Having to settle for less than perfection is just a fact of life. Everyone hates to face it. Especially the people with enough disposable income to surround themselves with enough toys and certificates that they can believe they've got "enough." But not everyone has that luxury.
And then there's the people who insist that training that's not up to their high standards is
irresponsible. Come on. Quit being a closet anti. In this world, the majority of people who buy a gun for self defense will attend a free NRA safety class
at the most (I wouldn't be surprised if over half of gun owners don't even have that much), and will then hit the range once and put a couple magazines/cylinders through the gun to see if it works, and then that's about it. And yet there
isn't blood running in the streets, there
aren't untrained morons shooting 8 bystanders before they hit the criminal, and there
aren't huge quantities of people shooting their children while cleaning their gun.
The inaccessibility of defensive training is why almost no one (statistically speaking) gets it. Yet somehow, a cheaper training which
is less than the best, is
somehow less "responsible" than having
nothing available but the very expensive best, thus forcing most people to go without
any. That
is anti logic. A gun is either of sufficient quality (read: expensive) that only rich people can afford it, or it's a "saturday night special" and should be banned.
Training, practice, and mentality either do allow you to make solid center-mass hits at close range under stress, or they don't.
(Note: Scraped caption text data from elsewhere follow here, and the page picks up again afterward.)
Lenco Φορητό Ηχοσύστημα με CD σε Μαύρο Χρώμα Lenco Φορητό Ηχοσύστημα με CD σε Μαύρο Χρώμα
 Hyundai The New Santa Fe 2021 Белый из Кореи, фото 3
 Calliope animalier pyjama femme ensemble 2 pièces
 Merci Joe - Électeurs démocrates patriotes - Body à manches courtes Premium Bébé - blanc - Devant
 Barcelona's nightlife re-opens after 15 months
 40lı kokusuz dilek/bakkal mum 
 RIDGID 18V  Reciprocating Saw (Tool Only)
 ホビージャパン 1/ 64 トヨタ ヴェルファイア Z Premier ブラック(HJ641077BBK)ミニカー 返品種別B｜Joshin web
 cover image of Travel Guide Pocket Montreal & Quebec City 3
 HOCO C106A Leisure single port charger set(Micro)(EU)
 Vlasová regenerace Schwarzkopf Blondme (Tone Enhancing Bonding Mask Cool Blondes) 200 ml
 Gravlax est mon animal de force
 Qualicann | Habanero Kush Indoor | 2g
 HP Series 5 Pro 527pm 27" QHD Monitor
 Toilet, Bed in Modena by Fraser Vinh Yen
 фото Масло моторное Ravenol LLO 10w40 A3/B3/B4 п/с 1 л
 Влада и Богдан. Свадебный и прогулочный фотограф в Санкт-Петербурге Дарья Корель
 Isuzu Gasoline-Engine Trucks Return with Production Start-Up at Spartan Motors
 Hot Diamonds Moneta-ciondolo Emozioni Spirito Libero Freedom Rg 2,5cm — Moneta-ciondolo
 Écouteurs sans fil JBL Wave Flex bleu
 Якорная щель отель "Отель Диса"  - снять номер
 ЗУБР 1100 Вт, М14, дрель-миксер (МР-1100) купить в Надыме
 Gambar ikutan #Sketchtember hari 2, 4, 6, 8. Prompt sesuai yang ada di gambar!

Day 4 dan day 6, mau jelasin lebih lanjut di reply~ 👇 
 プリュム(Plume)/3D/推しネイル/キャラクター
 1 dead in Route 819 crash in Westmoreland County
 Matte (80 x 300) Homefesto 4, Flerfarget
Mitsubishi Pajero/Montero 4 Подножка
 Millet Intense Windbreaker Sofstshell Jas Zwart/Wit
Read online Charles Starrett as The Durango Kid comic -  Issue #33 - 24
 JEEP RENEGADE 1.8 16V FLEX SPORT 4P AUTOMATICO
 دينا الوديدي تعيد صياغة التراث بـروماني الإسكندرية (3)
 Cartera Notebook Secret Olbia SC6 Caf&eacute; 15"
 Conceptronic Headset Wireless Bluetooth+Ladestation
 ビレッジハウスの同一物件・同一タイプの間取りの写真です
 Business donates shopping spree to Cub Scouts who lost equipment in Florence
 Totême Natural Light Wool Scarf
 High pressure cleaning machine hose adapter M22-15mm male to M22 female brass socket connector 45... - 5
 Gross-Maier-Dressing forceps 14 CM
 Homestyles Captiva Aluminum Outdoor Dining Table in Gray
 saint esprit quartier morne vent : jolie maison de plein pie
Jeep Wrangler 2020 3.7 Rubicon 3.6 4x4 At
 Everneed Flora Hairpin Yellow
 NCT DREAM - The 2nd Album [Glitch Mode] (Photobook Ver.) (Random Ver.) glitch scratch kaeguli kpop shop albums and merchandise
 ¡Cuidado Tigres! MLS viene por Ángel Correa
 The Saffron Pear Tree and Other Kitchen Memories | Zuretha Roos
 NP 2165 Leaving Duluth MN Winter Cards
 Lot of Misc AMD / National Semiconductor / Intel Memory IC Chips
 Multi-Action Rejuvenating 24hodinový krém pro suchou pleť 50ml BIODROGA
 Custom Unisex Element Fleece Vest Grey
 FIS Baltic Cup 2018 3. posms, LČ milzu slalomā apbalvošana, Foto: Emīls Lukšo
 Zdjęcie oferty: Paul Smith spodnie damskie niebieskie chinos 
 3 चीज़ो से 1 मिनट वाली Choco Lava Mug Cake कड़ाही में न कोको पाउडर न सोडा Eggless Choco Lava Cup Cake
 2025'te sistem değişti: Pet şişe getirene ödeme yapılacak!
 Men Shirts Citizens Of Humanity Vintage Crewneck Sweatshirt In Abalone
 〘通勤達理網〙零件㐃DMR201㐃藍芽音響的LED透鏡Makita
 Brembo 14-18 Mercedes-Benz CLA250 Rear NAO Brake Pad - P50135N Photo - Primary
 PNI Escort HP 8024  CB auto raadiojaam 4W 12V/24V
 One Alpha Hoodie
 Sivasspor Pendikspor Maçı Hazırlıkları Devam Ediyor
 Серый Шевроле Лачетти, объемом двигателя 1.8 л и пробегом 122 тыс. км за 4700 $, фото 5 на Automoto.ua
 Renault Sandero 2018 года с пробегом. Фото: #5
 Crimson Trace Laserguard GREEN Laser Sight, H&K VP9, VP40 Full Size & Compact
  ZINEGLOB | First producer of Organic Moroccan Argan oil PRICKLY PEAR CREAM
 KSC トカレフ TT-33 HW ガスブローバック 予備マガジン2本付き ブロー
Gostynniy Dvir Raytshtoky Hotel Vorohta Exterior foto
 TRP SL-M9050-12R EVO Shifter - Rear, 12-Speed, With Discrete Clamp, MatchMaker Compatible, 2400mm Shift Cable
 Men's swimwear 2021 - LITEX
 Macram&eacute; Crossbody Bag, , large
There absolutely are many ways to get an adequate amount of the first two by expending a large amount of money and time. But it doesn't logically follow from that, that it
cannot be done cheaply and quickly.
Would a
modernized one-handed system accomplish that? I genuinely don't know. I can think of advantages and disadvantages of such a system (and of course, people like to focus on the advantages which they disagree with and ignore absolutely all other content, just for the sake of arguing with a viewpoint that doesn't exist).
But until someone comes up with something like that, trains up some unskilled volunteers, and puts them head-to-head against equivalently trained two-handers (in an arena match to the death!
), we'll never know what the
real benefits and drawbacks are.
Regardless of whether one hand or two hand is better for it, there
is a huge gaping hole in the training market for realistic, no-nonsense self defense training which is cheap (say $20-50 a head) and takes up only one afternoon.